A question of definitions
One participating rail vehicle expert put it like that: "Whoever wants to use documentations repeatedly, must deal with variants. And the optimum standardization does not function without reducing the variant units with matching option selection." An important result of the exchange of experiences was the unanimous realization that the proper definition of the standardization units is essential for successful variant handling. Thus a forum participant reported about a template repertoire containing 400 variants for drives alone. Here the maintenance effort is much too great. It is better to define smaller standardized units and to instead enable the selection of additional options. Thus the number of variants is distinctly reduced, and both the clarity and the selection are vastly facilitated.

The trick therefore is to properly define the standardization basis. The same holds for the options. If a brake is considered an option for the motor, then the terminals should be specified as well because otherwise the variety of options becomes too large and thus too confusing and labor-intensive.

As much as necessary, as little as possible
When one thinks about standardization, a question always to be asked is whether the standardization is follow the processes or the processes are to follow the standardization. This question was also heatedly discussed at the forum, but it seems that here the famous phrase: "It all depends..." applies because a generally applicable rule was not found.

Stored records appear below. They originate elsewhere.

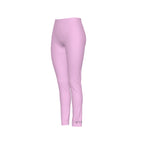 Legging pour femme
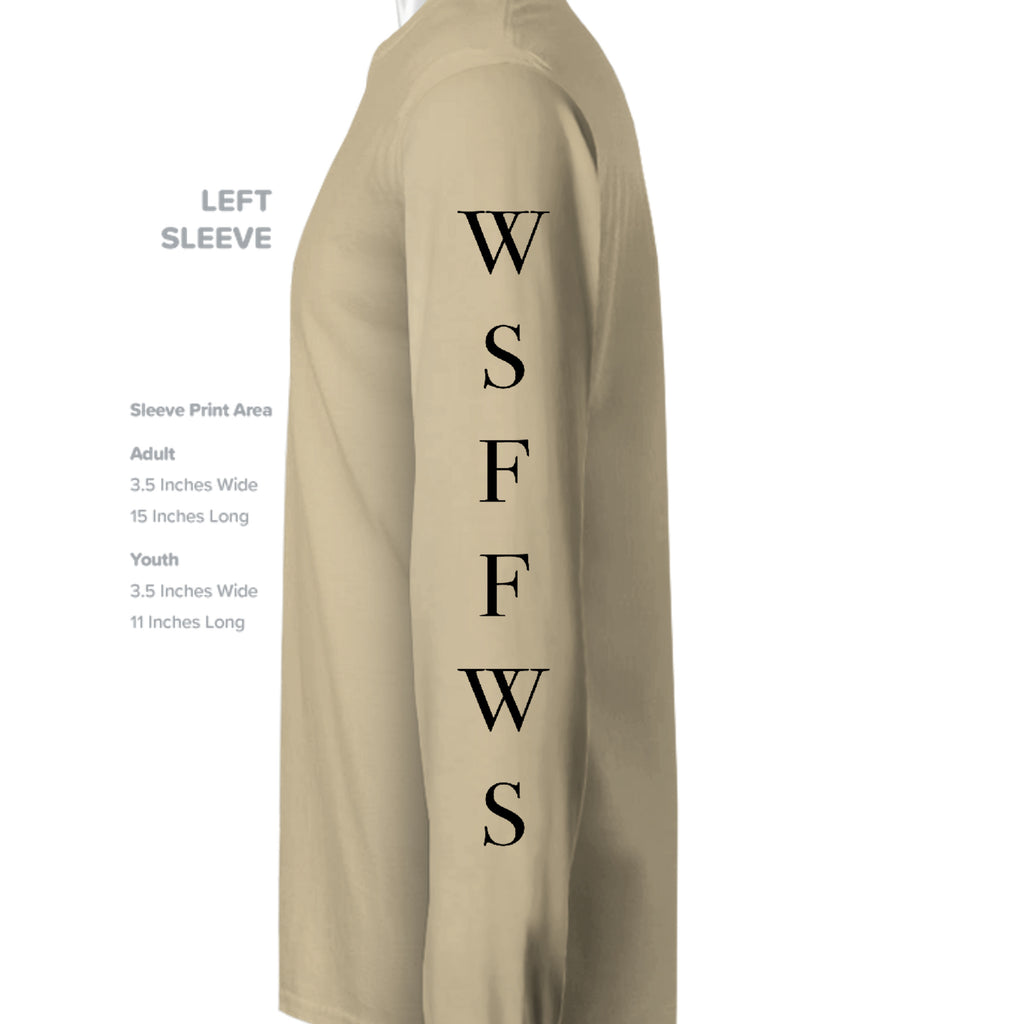 SAND - N3165 - SLEEVE_LEFT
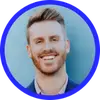 EverydayDad - @calebbarnard003 - TikTok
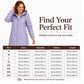 💕LAST DAY 50% OFF!!🌹🧥Women's Outdoor Waterproof Hooded Jacket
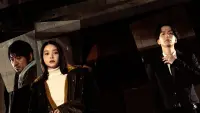 Задник до фильму"" #724394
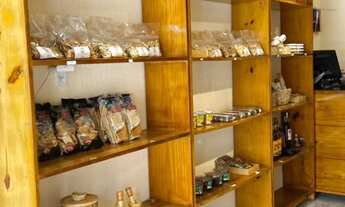 Imagem 4: VENDO LOJA DE PRODUTOS REGIONAIS COMPLETA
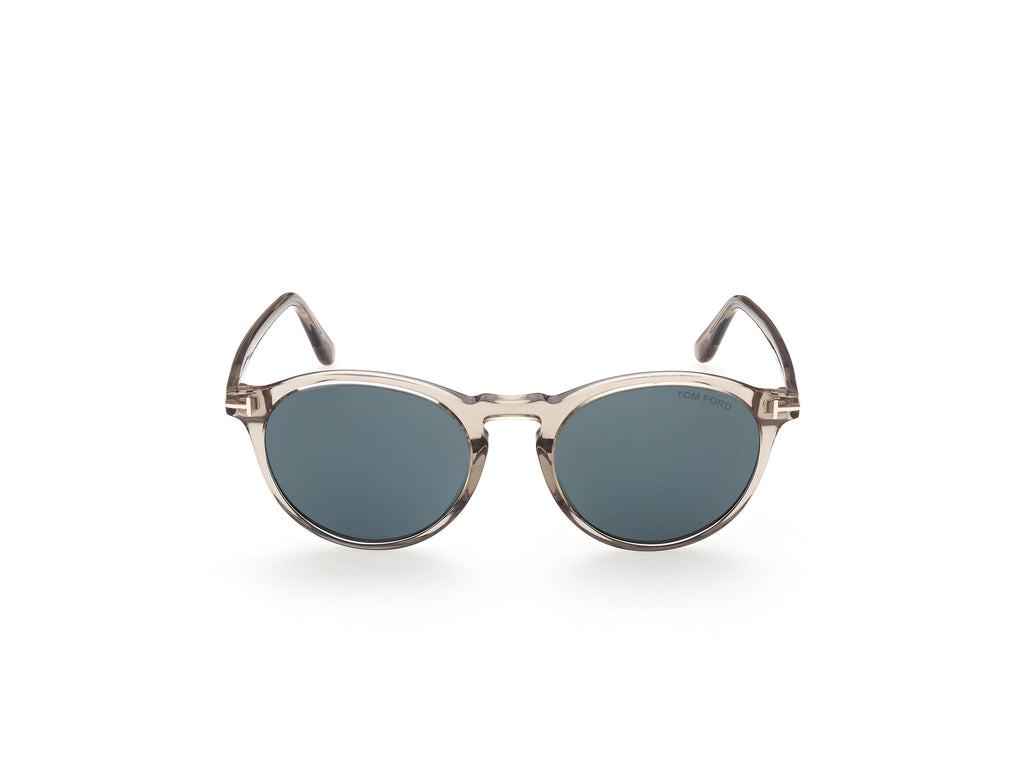 TOM FORD FT0904 AURELE 57V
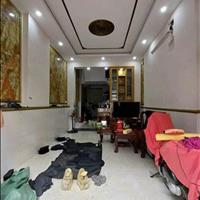 Chủ ngộp bán gấp nhà 1T2L 58, 11m2/ 930tr Phạm Văn Hai TB SHR Hoàn Công , sát bên chợ Phạm Văn Hai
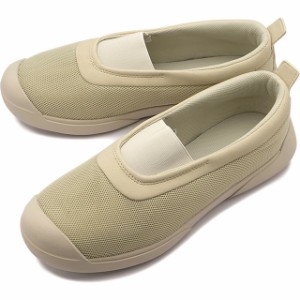 【SALE】 ムーンスター エイトテンス MOONSTAR 810s エデュ [54410228] ET020 EDU メンズ・レディース 靴 スニーカー スリッポン BEIGE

To reduce the manufacturing expenditure, some companies have simply integrated certain options routinely into their finished product; they are made available and charged only on request. Another possibility is to always equip the product with a former option. Questions concerning expenditure and benefits should always be asked when dealing with variant definitions: Is this variant/option actually necessary? What are the consequences for data management? By how much does the complexity increase, and what about the compatibility with other items of the template? Does the flexibility of my catalog suffer? And finally: Is it ensured that the input into the software is done in qualified manner? The participants of the first AUCOTEC forum took this fundamental usefulness check home as a welcome procedural guideline.

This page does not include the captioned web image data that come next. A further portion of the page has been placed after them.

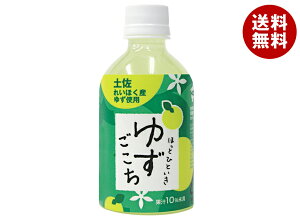 ߂t[Y قƂЂƂ 䂸 280mlybg{g×24{b  ʎ Mq Y PET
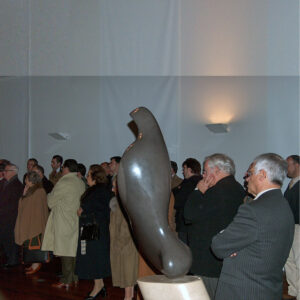 braga-museum-2005-guido-dettoni-08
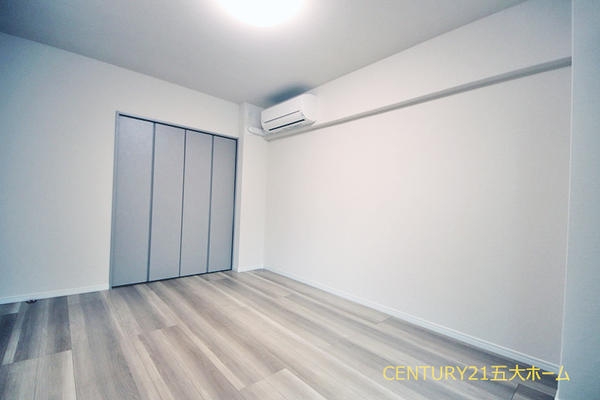 新松戸アゼリアパークハウスＢ棟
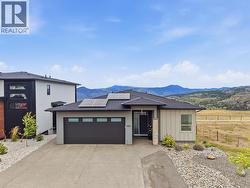 464 EDINBURGH Boulevard Kamloops, BC V1S 0E6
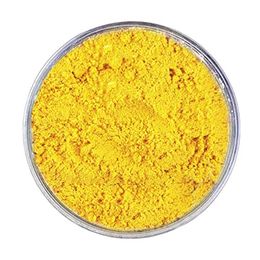 Alfasol 250 gr Çedar Peynir Aroması Toz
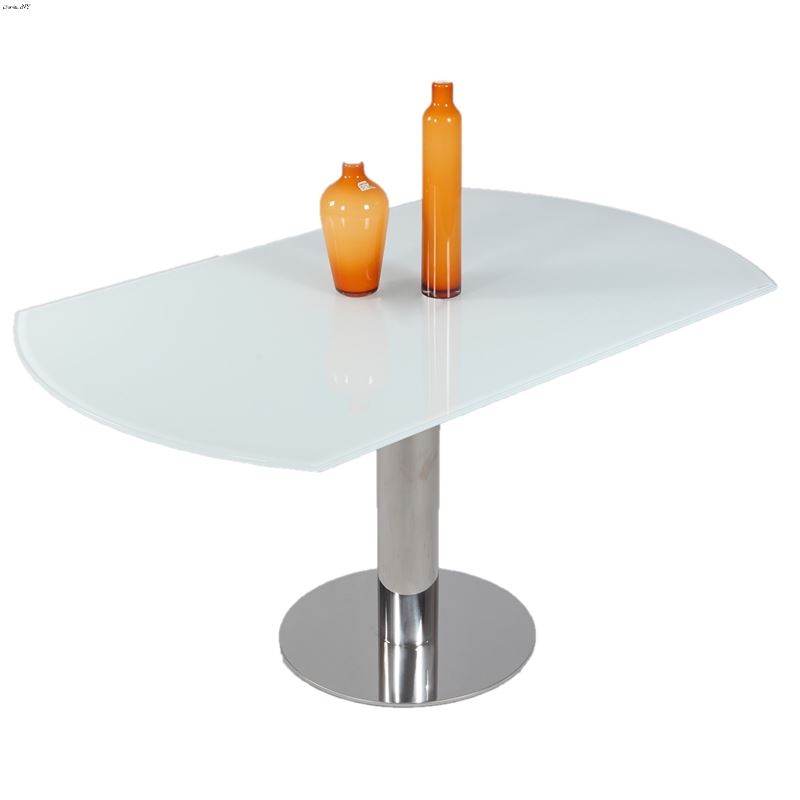 Ovalia Dining Table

Aucotec-Vorstand Uwe Vogt(2vre) mit Teilnehmern beim Varianten-Forum


Additive or subtractive?
Once the variants have been defined, there are several possibilities to make them available for putting together a machine or plant so that in the end a 100% documentation for manufacturing is available. Here the branch also matters. In rail vehicle construction for example, often the so-called 150% template (maximum plan) is used, where all defined options are included and unnecessary items must only be crossed out. A different approach is the modular method, where the designer uses his module library to select the items to be used for assembling the product. The generation of the diagram and the assignment to the real machine is then taken over by the CAE software quasi at the push of a button.

Prerequisites for the design software
However, a software package must meet certain preconditions for the standardization and modular operation to be possible. On the one hand database-driven operation is the most efficient method to be able to quickly use comprehensive libraries without data discontinuities and interfaces. On the other hand a widespread programming language is important because the introduction of new variants or options into the templates usually also entails changes of the copying routines and requires the corresponding skills.

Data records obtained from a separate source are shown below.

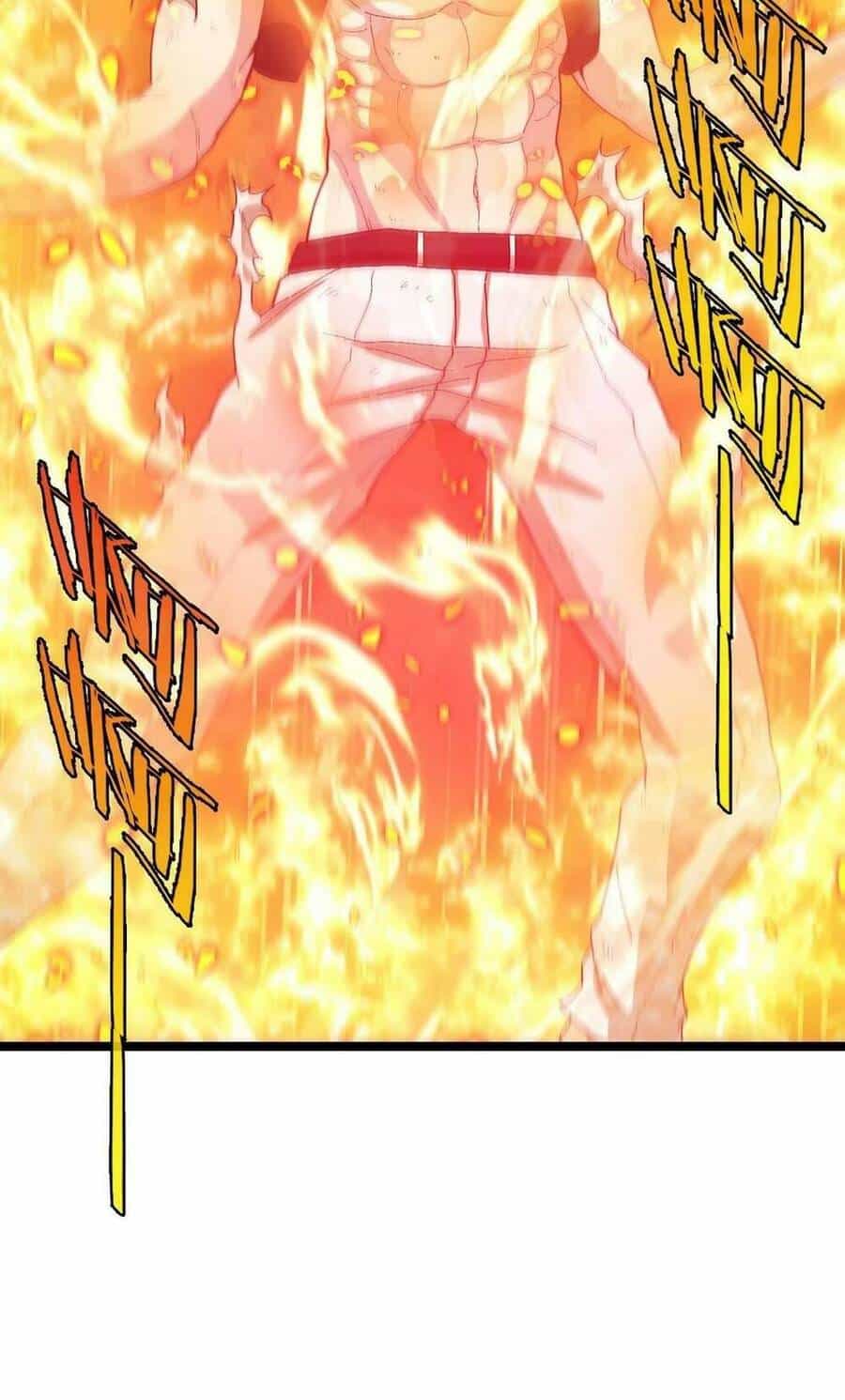 Hệ Thống Super God - Chương 88 - ảnh 41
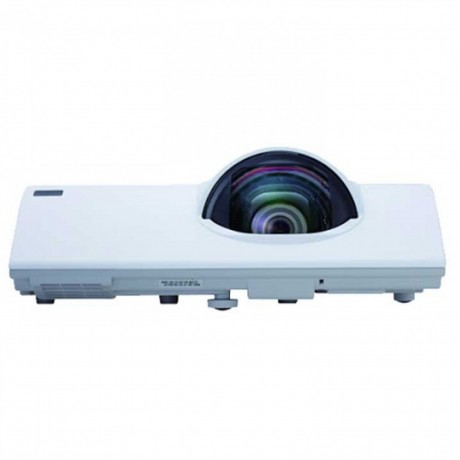 maxell-projector-mc-cw301e-big-0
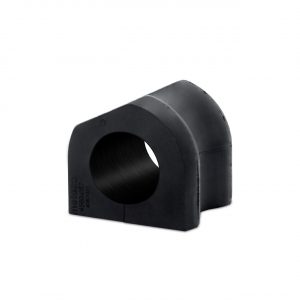 Втулка (сайлентблок) переднего стабилизатора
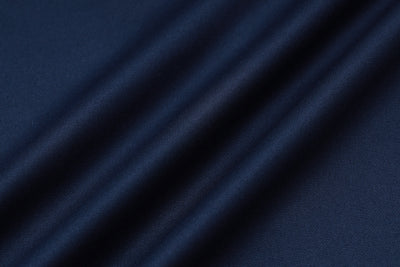 England 24/25 Half-Zip TrackSuit I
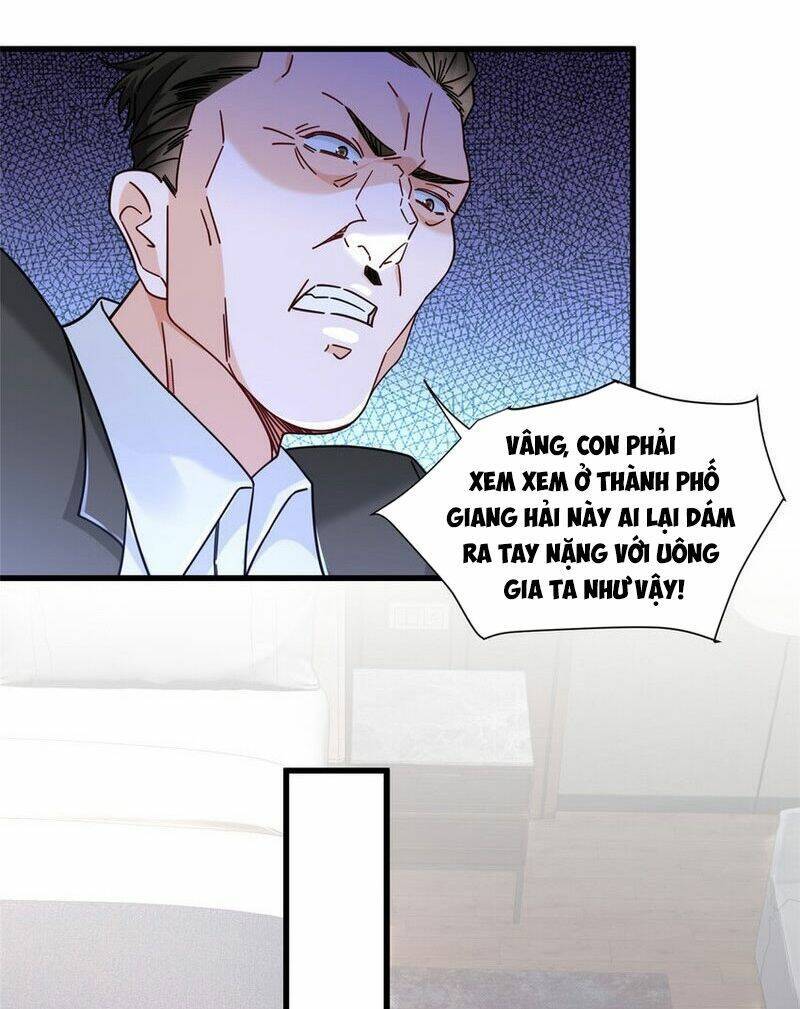 Tân Cực Phẩm Toàn Năng Cao Thủ Chương 71 Ảnh 26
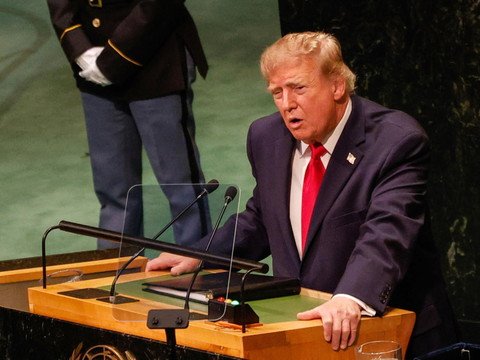 81e AG DE L’ONU : De ces séances de défouloir, que peut tirer l’humanité ?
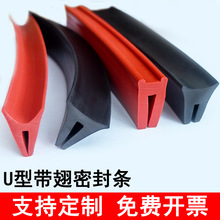 U�͎�����z�l�L���Ͳ����ˮ�ܷ�l��p϶���L���m�Ӹ�h�Ͱ�߅�l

Here the object-oriented and database-driven Engineering Base, the most recent software generation from Aucotec, could score amply. The planning tool uses the Microsoft SQL server as database and VBA as a very widely used programming language. A number of listeners made enquiries about migration options and periods while still there, with the aim to be able to use the latest developments for standardization and optimum resource exploitation. Because despite the lively discussion the forum participants agreed on one point: top-quality products cannot be planned with an average software product.